Zagrożenie zjawiskiem terroryzmu jest obecnie jednym z najpoważniejszych problemów współczesnego świata. Napastnicy, chcąc osiągnąć swój cel, nie liczą się z kosztami, jakie przyjdzie im za to zapłacić. W takich sytuacjach życie zakładników staje się często swoistą kartą przetargową, która ma zapewnić terrorystom spełnienie ich żądań. Aby skutecznie zapobiegać i przeciwdziałać wszelkim aktom terroru, niezbędne są wyspecjalizowane jednostki o charakterze kontrterrorystycznym. Z kolei, aby służby odpowiedzialne za bezpieczeństwo były przygotowane na stawienie czoła takim sytuacjom, potrzebne są częste ćwiczenia, podczas których policyjni specjalsi mogą doskonalić swoje umiejętności.
Z tego też powodu pod koniec marca w warszawskiej Zajezdni przy ul. Redutowej odbyły się po raz kolejny już ćwiczenia zorganizowane przez Centralny Pododdział Kontrterrorystyczny Policji „BOA”. Tym razem scenariusz szkolenia dotyczył prowadzenia działań kontrterrorystycznych przez policyjnych specjalsów w przypadku wystąpienia zdarzenia o charakterze terrorystycznym w stolicy naszego kraju.

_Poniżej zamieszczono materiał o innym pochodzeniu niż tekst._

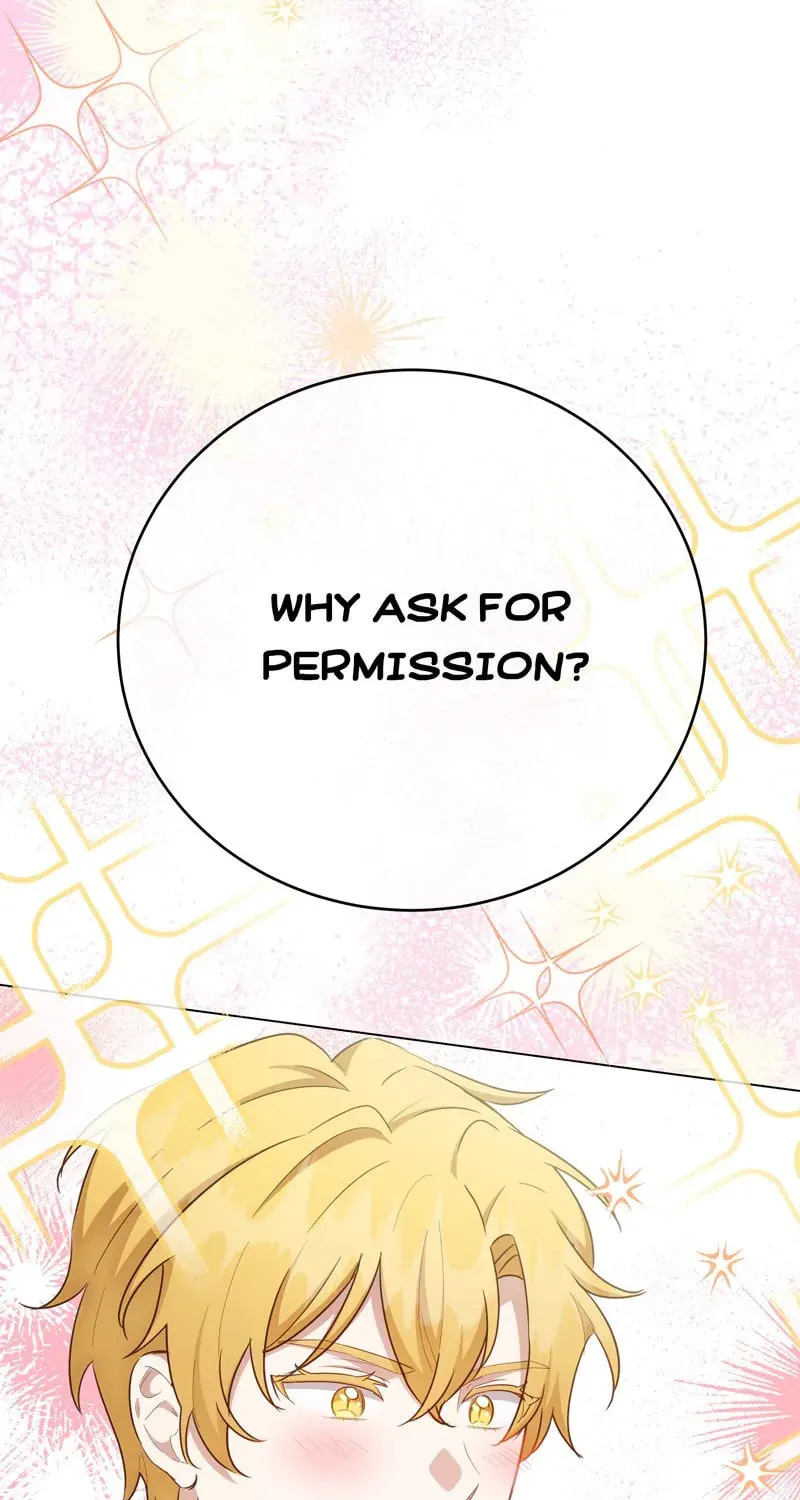 Love at First Bite (LeuLeub) Chapter 54 page 117 -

Sam epizod zakładał, że do jednego z budynków wdarli się sprawcy z długą bronią palną. Wraz z nimi w środku znaleźli się także zakładnicy. Podczas rozmowy z operatorem numeru 112 napastnicy poinformowali, że jest to zamach terrorystyczny i zażądali kontaktu z negocjatorem. Kiedy na miejscu zdarzenia pojawił się patrol policji, terroryści oddali kilka strzałów z broni palnej w jego kierunku. Dalsza część scenariusza zakładała podjęcie negocjacji z terrorystami. – Ich celem było doprowadzenie do poddania się sprawców sytuacji kryzysowej i uwolnienia zakładników. Negocjatorom policyjnym udało się uwolnić jednego z zakładników, który był ciężko ranny – mówi koordynator ćwiczeń z ramienia CPKP „BOA” i tłumaczy: - Poprzez negocjacje dążymy do rozwiązania sytuacji kryzysowej bez użycia siły. Obniżając poziom negatywnych emocji u sprawcy, staramy się zminimalizować zagrożenie zarówno dla zakładników, sprawców jak i samych policjantów.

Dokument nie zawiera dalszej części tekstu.